The Statutory Employee provisions in the Code have not changed as a result of TCJA, so loan originators still do not meet those definitions.
- There is such a thing as a misclassified W-2 worker. See BUTTS CASE [Butts v Commissioner, TC Memo 1993-478 affr 49 F.3d 713(11th Cir)]. Also see WICKUM CASE (Wesley C Wickum v Commr, T.C. Memo, 1998-270) and HATHAWAY CASE (Paul E Hathaway v Commr, T.C. Memo 1996-389). In these cases, the worker got a W-2 and was allowed an above-the-line deduction for their expenses.
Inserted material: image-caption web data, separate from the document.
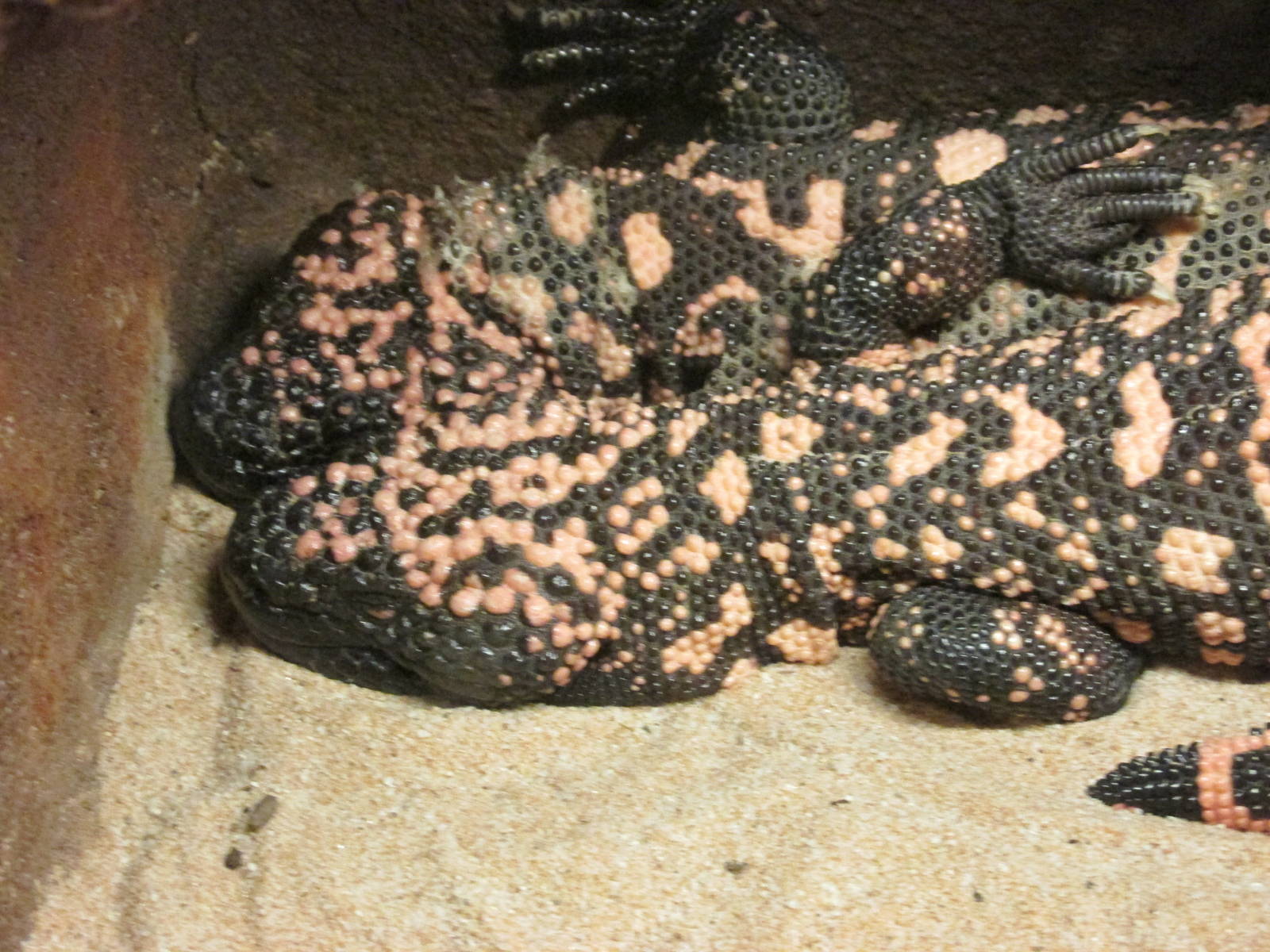 gila lizard san juan de aragon zoo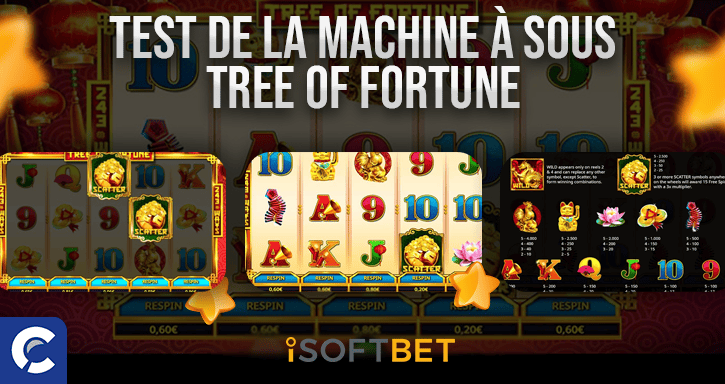 test du jeu tree of fortune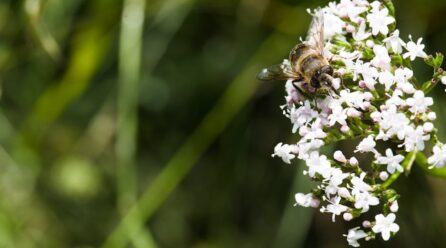 Alerta con el consumo de valeriana pura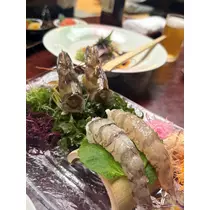 佐野 エマ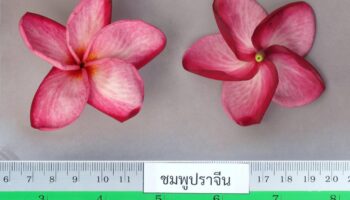 Прачин Бури выпускает новый сорт цветов франжипани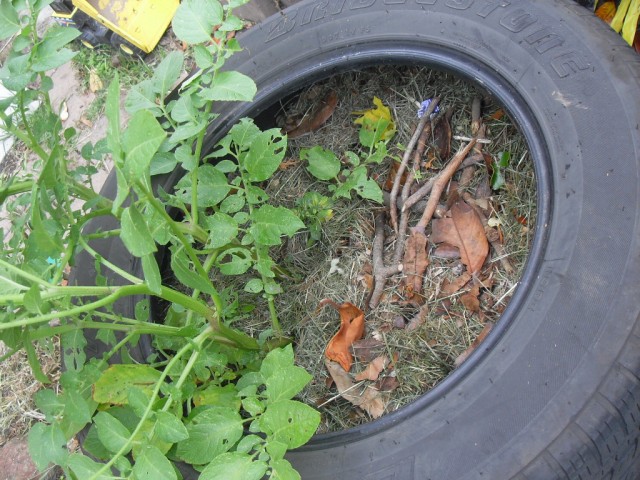 car tire coffee grounds potatoes growing with coffee grounds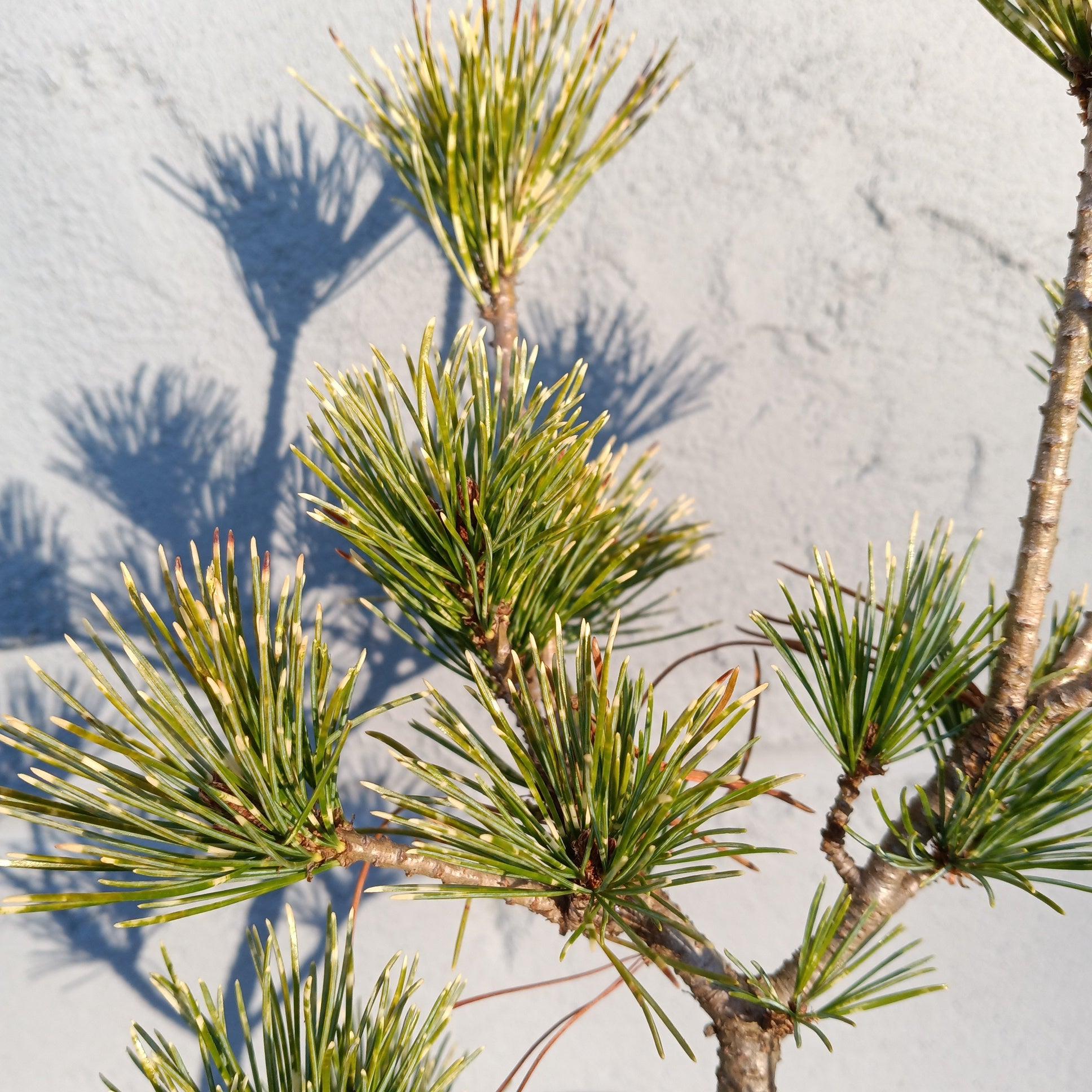 Pinus Parviflora Fubuki Nishiki - View 12 from www redcrocus com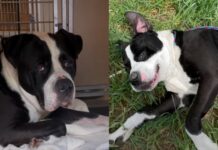 Shelter Dog Abandoned at 11 Years Slowly Loses His Spark as Days Pass By Shelter Dog Abandoned at 11 Years Slowly Loses His Spark as Days Pass By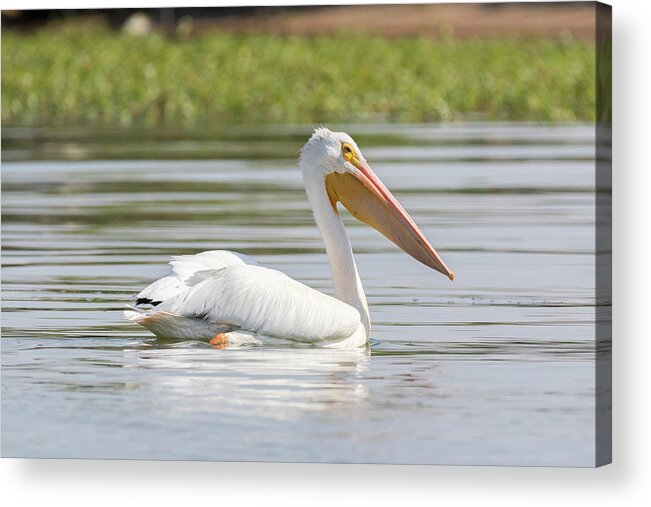 Pelican Acrylic Print featuring the photograph Pelican Out For a Swim by Tony Hake
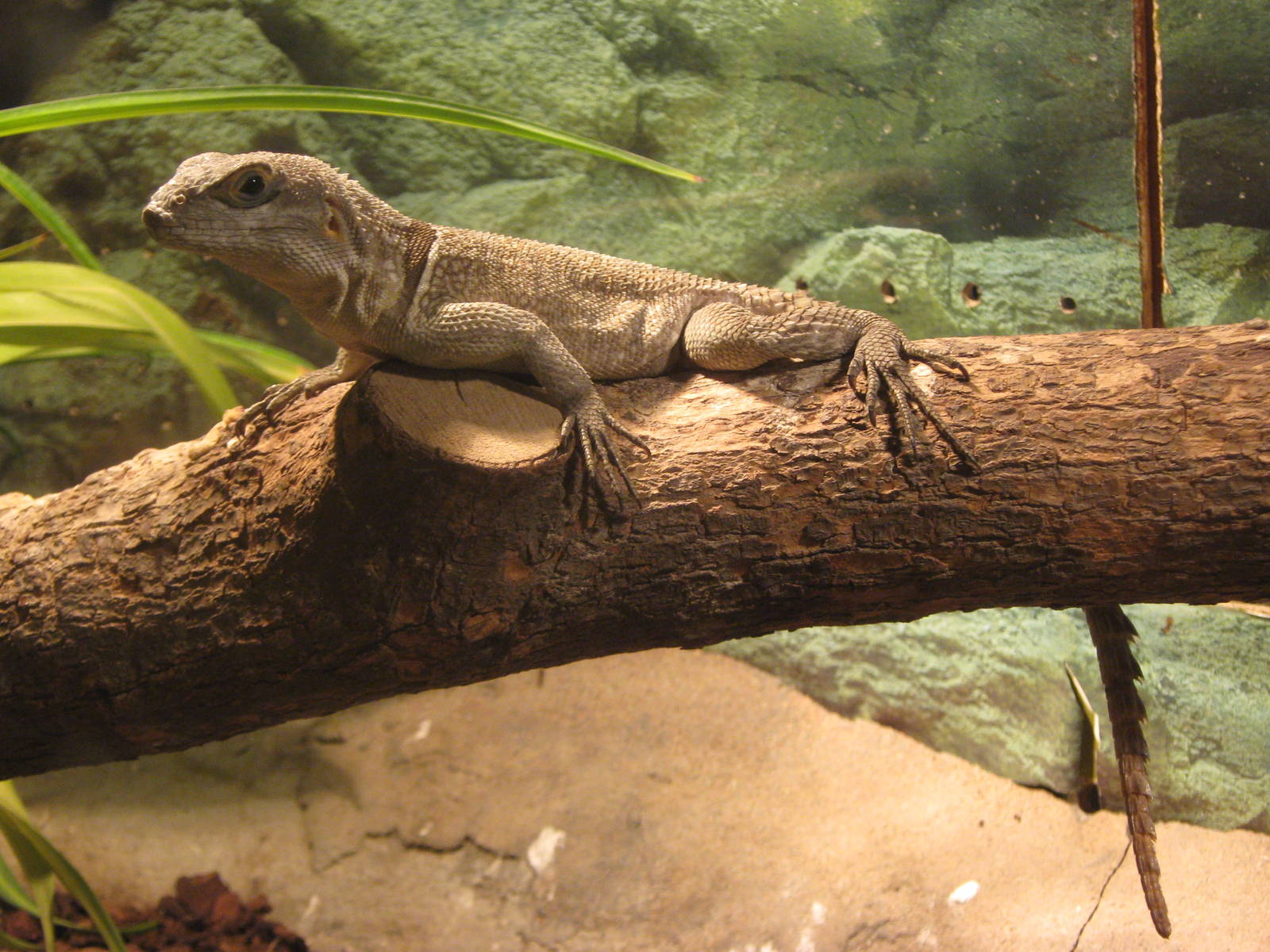 Merrems Madagascar swift (Oplurus cyclurus)
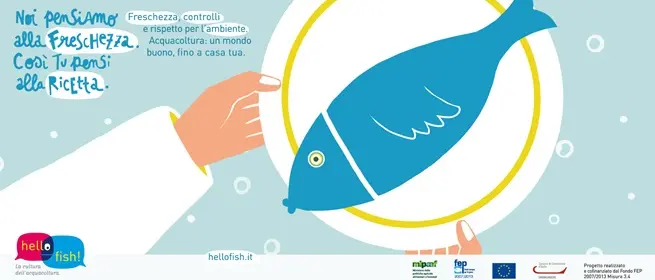 Camera di commercio, concluso il progetto “Hello fish\". Domani la presentazione dei risultati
I presume only the expenses were listed on the Sch C and presume the W-2 was listed as usual on the Form 1040. As a side note, it is common and normal for "day-traders" to report their expenses (computers, internet etc) on Sch C and their income on Sch D - just an FYI to show how others report their business expenses above-the-line.
- An employer provided salary reduction plan that funds a spending account is one solution.
- Having the worker form an LLC or corporation and becoming its only employee, and having the entity contract with the entity for services would allow the worker to deduct their expenses through their entity and report their income as guaranteed payment for services-subject to SESS. However, look into the personal service corporation Code provisions.
- By the way, the Dept of Labor, in mid-November, 2020, issued new guidance related to employee vs. independent contractor. Under their provisions, howsoever the employer classifies the worker controls. I think this merely shifts the burden of proof to the worker to prove their status. And I am not sure how this affect the IRS's position.